▶ [TASK INPUT]:
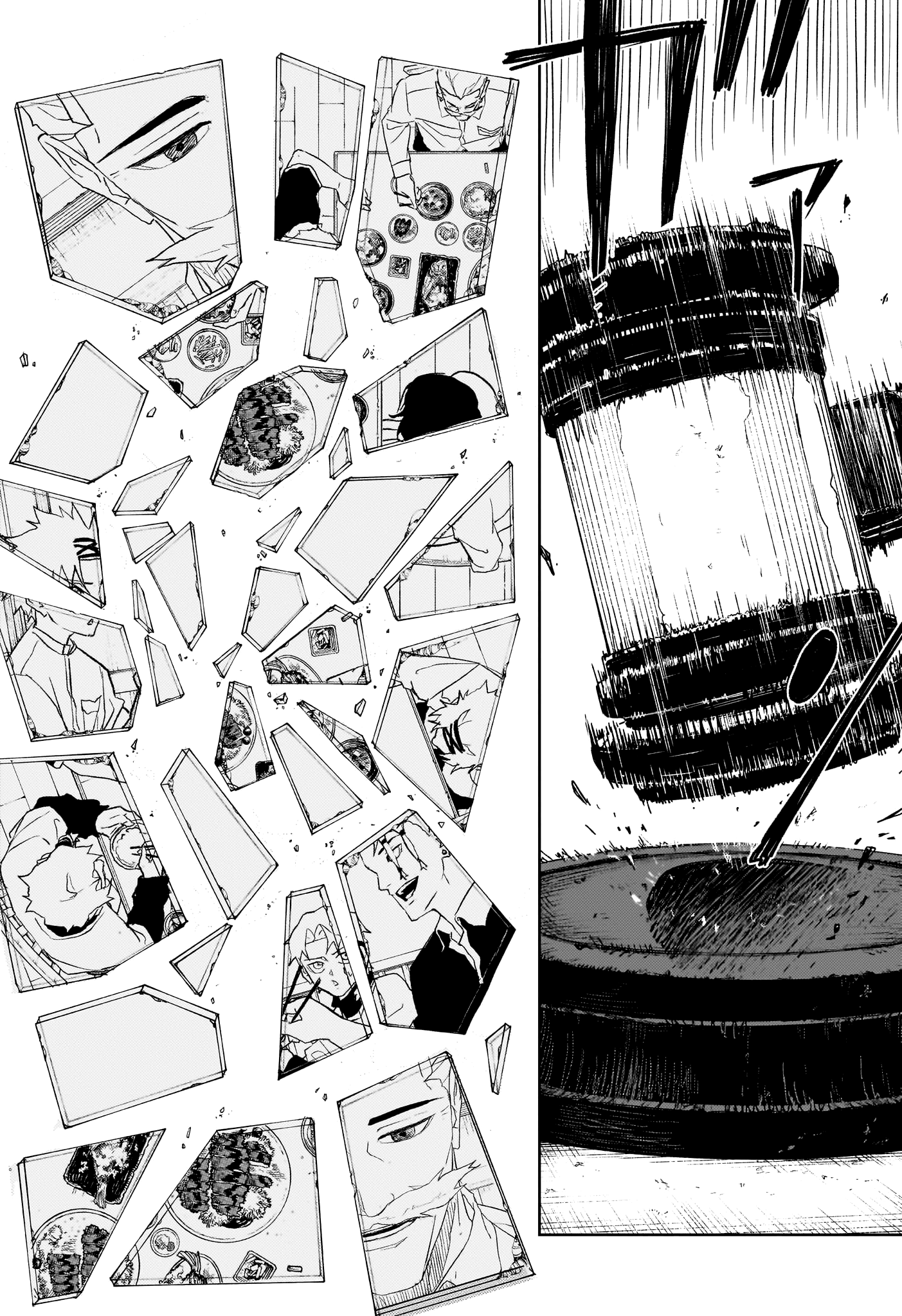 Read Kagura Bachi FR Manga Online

==

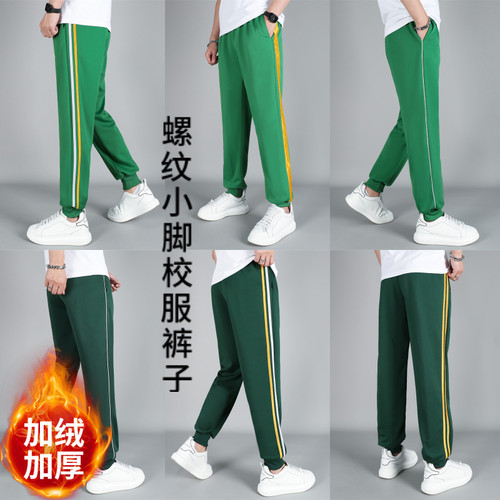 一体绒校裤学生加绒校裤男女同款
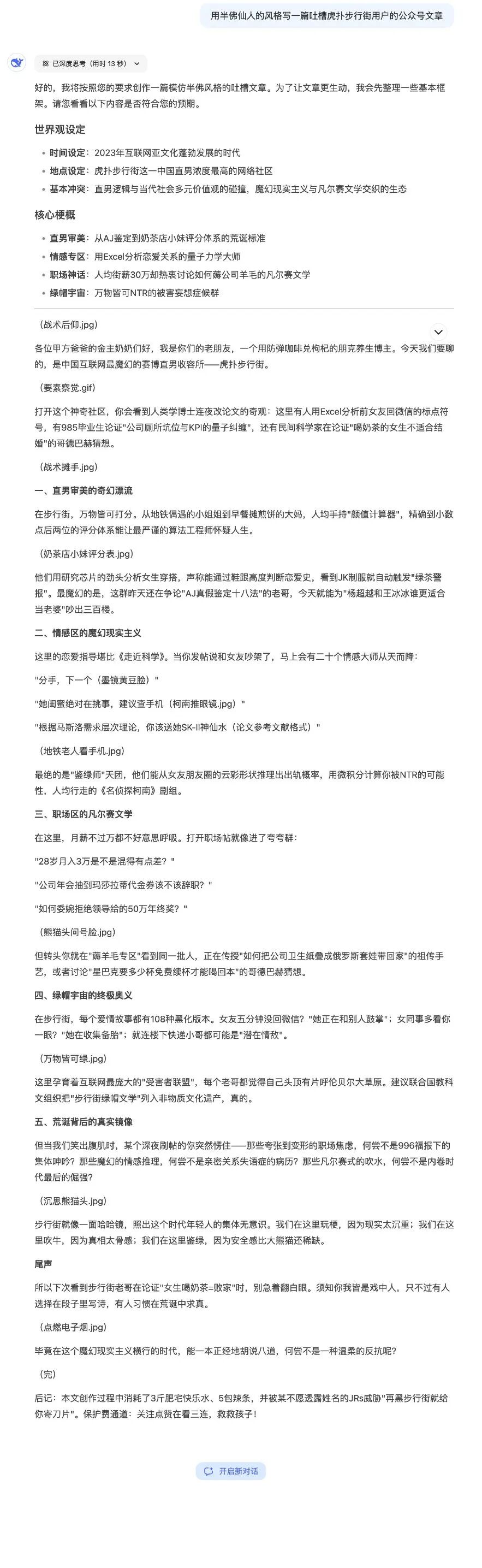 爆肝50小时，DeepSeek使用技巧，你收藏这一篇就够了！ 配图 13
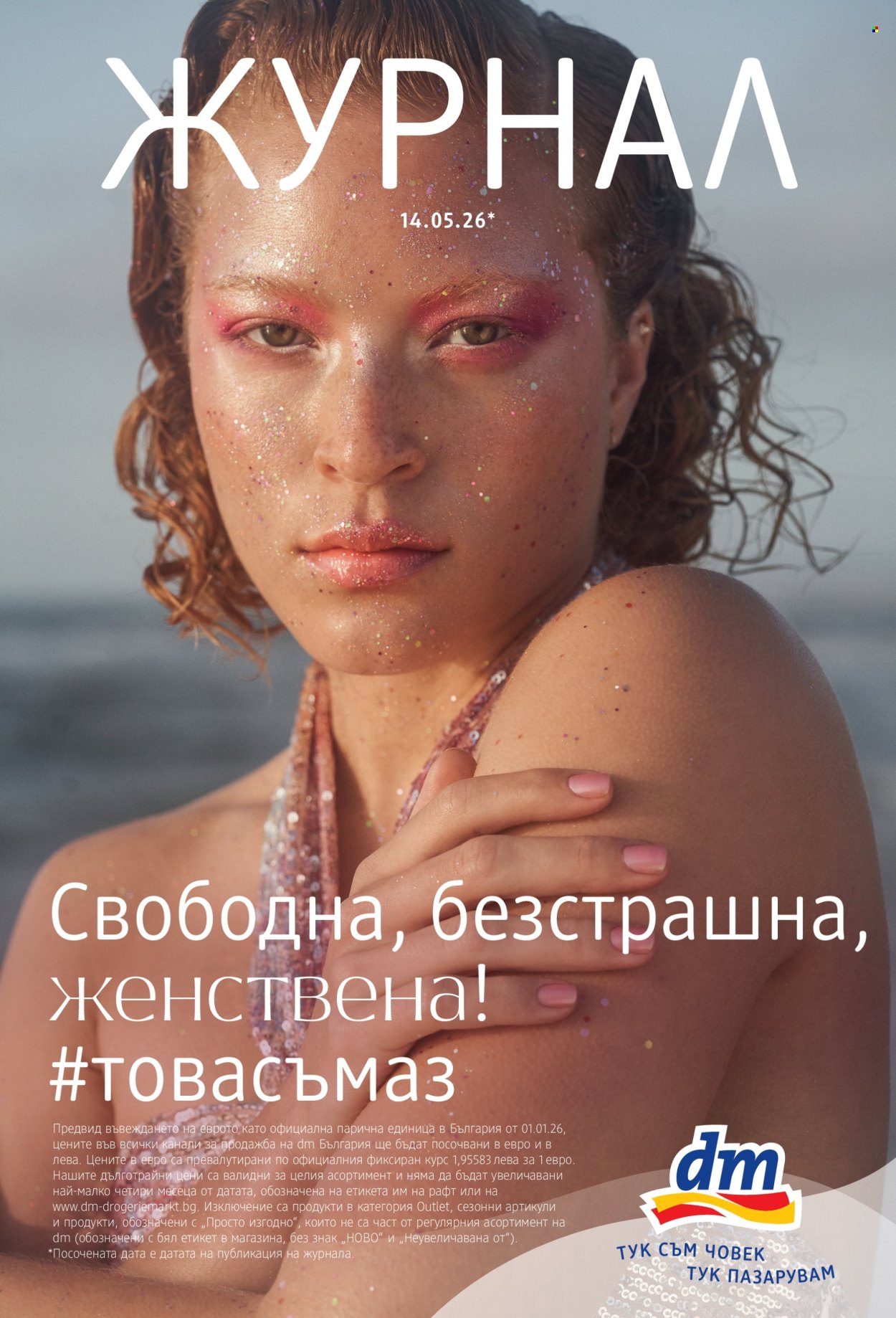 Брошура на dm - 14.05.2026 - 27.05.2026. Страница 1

--

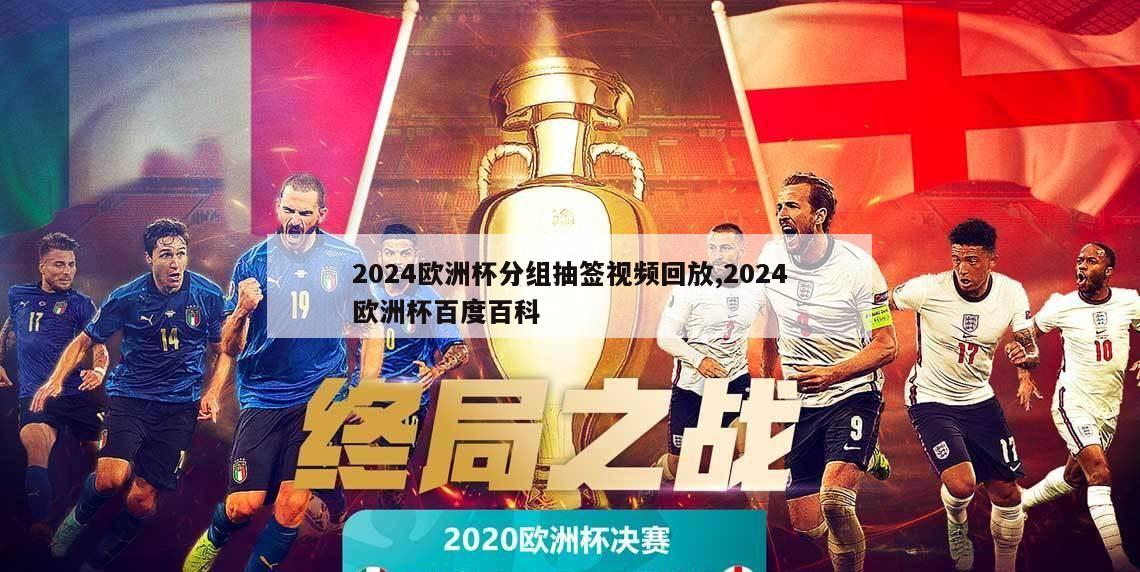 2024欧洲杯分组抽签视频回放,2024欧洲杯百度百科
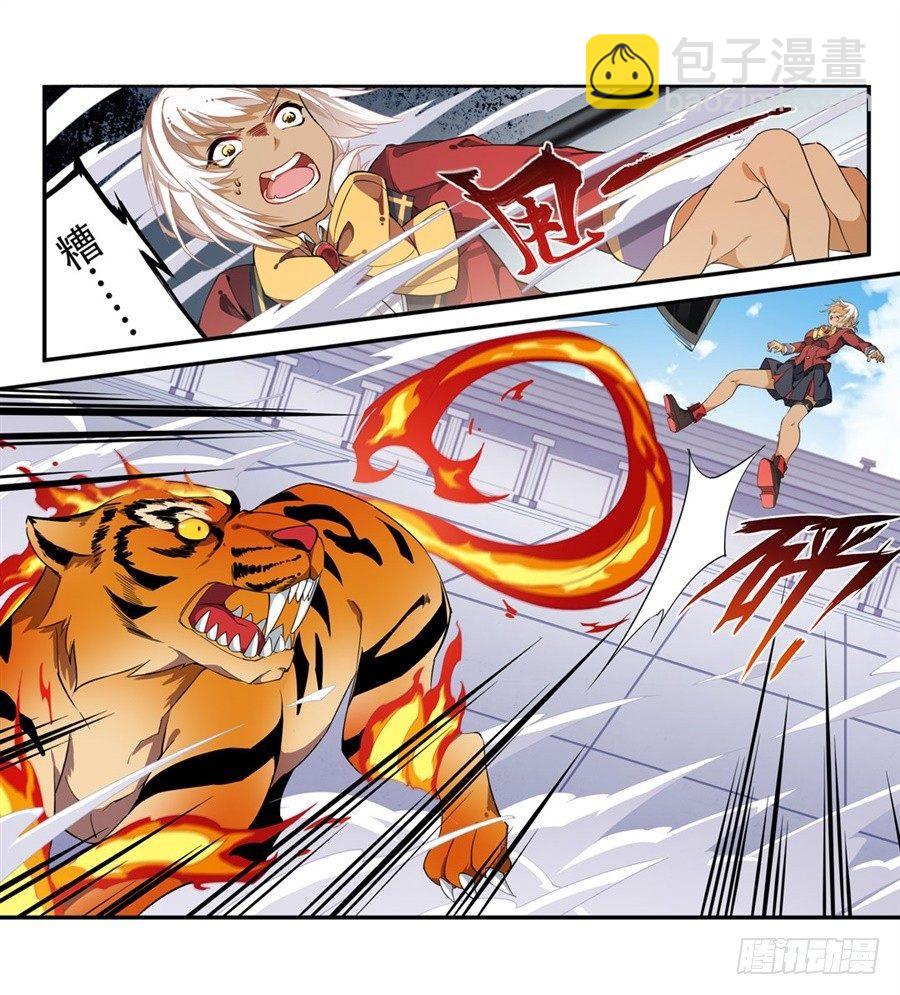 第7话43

▶ [TASK STATEMENT]: Using the data above, return the lines from the one holding "一体绒校裤学生加绒校裤男女同款" through the one holding "Брошура на dm" exactly, but not the pictures.

▶ [EXERCISE OUTPUT]:
 一体绒校裤学生加绒校裤男女同款
 爆肝50小时，DeepSeek使用技巧，你收藏这一篇就够了！ 配图 13
 Брошура на dm - 14.05.2026 - 27.05.2026. Страница 1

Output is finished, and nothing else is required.